- _WHAT TO DO_: Keep to one stretch of the data below, the lines from the one with "人教版三年级上册第四单元——加法 练习课课件PPT08" up to and including the one with "剪映怎么调视频速度快慢?-剪映调视频速度快慢的方法", and return that stretch exactly.

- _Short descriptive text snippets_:
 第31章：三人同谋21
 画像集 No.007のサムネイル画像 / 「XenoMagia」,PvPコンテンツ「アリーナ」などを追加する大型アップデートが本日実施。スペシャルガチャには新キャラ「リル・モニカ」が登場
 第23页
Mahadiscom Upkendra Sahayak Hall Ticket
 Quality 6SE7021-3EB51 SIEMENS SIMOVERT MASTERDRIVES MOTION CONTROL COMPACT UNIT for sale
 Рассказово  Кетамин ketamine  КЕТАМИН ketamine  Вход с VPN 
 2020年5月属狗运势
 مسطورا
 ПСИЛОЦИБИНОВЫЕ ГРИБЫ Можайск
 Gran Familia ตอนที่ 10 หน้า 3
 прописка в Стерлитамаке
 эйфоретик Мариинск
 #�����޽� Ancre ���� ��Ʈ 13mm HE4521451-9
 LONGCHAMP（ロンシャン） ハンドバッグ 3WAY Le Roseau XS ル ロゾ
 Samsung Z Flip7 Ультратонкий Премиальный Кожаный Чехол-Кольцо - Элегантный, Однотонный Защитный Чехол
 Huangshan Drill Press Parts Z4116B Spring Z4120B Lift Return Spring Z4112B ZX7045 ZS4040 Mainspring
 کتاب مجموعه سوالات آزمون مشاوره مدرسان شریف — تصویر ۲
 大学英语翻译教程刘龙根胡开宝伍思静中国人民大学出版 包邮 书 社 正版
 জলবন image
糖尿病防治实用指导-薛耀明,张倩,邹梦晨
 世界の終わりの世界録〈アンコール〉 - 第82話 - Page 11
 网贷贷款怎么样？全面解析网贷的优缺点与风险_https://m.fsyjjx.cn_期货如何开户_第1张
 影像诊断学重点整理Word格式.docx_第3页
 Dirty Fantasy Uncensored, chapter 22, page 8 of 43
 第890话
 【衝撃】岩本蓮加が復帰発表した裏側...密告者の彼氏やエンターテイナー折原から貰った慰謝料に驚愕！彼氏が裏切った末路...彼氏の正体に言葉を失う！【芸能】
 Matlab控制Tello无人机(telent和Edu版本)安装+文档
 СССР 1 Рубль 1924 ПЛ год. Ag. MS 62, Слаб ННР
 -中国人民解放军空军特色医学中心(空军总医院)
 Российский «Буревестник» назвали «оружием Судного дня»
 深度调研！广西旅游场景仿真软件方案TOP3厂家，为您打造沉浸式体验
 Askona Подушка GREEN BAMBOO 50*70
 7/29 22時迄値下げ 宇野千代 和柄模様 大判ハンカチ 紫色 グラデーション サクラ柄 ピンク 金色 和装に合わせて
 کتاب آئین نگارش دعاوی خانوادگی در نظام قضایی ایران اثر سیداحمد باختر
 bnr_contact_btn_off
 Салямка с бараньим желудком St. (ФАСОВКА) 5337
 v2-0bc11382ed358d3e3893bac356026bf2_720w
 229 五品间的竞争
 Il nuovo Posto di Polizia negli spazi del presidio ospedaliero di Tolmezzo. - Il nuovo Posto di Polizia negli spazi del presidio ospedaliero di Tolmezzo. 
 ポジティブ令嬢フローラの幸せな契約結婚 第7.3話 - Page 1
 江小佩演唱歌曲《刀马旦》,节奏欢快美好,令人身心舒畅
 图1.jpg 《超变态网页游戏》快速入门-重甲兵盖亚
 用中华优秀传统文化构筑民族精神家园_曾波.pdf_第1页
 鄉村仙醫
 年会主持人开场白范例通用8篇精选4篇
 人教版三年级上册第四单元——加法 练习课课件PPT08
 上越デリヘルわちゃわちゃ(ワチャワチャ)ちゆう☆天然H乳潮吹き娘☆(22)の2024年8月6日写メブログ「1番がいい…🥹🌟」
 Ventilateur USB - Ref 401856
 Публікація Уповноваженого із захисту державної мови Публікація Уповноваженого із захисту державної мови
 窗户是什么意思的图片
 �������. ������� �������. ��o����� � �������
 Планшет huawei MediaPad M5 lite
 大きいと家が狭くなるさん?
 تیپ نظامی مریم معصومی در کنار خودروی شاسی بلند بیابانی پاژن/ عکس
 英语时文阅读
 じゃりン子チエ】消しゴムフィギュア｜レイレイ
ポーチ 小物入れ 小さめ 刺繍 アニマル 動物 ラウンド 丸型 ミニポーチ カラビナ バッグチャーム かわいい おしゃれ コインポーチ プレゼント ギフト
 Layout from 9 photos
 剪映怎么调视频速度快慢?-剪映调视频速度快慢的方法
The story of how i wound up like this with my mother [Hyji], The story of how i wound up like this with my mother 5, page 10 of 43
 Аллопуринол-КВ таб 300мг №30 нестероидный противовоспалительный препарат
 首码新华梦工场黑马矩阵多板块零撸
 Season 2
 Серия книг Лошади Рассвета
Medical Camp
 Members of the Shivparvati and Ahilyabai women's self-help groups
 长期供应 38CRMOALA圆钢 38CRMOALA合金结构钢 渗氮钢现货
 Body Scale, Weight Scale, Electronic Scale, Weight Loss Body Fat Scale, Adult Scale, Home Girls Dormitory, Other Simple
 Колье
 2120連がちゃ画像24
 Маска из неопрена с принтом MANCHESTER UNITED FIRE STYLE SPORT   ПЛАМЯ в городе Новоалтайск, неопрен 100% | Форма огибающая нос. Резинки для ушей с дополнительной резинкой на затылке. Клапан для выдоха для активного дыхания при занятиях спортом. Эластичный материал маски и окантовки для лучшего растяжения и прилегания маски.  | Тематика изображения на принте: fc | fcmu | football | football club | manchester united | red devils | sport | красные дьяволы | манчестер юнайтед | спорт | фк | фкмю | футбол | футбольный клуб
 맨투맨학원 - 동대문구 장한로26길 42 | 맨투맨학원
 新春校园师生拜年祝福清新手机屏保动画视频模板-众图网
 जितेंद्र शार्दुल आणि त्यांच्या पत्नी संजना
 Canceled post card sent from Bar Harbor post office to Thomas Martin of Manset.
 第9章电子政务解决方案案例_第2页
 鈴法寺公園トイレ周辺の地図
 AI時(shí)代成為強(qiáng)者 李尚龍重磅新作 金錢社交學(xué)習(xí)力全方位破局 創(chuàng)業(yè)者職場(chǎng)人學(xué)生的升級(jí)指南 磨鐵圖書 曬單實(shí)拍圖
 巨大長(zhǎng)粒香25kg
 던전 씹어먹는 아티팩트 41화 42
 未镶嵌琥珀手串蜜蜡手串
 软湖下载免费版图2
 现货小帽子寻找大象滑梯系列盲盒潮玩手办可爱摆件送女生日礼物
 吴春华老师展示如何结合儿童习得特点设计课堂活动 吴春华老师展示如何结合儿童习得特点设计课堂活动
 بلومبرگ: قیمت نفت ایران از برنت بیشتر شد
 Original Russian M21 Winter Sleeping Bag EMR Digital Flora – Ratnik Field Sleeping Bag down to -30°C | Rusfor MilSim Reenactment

- _OUTPUT FOR THIS TASK_:
 人教版三年级上册第四单元——加法 练习课课件PPT08
 上越デリヘルわちゃわちゃ(ワチャワチャ)ちゆう☆天然H乳潮吹き娘☆(22)の2024年8月6日写メブログ「1番がいい…🥹🌟」
 Ventilateur USB - Ref 401856
 Публікація Уповноваженого із захисту державної мови Публікація Уповноваженого із захисту державної мови
 窗户是什么意思的图片
 �������. ������� �������. ��o����� � �������
 Планшет huawei MediaPad M5 lite
 大きいと家が狭くなるさん?
 تیپ نظامی مریم معصومی در کنار خودروی شاسی بلند بیابانی پاژن/ عکس
 英语时文阅读
 じゃりン子チエ】消しゴムフィギュア｜レイレイ
ポーチ 小物入れ 小さめ 刺繍 アニマル 動物 ラウンド 丸型 ミニポーチ カラビナ バッグチャーム かわいい おしゃれ コインポーチ プレゼント ギフト
 Layout from 9 photos
 剪映怎么调视频速度快慢?-剪映调视频速度快慢的方法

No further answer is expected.